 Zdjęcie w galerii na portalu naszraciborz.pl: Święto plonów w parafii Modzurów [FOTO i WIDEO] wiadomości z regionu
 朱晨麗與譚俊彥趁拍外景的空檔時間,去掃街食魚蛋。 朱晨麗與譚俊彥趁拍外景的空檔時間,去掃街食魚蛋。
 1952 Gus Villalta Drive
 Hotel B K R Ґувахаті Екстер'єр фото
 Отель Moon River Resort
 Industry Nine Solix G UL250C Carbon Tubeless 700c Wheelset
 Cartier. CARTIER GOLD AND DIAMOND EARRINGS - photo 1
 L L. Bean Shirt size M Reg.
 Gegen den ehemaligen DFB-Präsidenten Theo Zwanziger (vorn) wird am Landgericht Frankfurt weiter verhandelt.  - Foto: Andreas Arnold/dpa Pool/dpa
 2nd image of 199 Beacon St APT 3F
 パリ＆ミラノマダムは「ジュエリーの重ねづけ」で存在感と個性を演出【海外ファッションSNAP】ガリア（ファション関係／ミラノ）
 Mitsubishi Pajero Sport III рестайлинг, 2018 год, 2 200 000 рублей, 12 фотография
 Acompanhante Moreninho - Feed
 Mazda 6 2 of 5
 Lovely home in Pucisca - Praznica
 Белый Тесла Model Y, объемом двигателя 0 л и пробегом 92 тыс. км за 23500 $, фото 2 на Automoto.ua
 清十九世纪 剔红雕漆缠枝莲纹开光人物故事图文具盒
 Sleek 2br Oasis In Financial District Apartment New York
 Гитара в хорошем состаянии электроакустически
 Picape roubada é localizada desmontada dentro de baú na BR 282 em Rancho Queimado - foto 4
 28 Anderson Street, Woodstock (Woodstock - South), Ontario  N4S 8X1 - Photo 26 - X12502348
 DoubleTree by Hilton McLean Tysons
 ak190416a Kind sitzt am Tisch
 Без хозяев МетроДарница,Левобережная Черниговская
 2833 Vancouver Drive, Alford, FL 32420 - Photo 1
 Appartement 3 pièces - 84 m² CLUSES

### Task to complete
Report the lines above that have the word "Drive" in them.

### Solution for this exercise
 1952 Gus Villalta Drive
 2833 Vancouver Drive, Alford, FL 32420 - Photo 1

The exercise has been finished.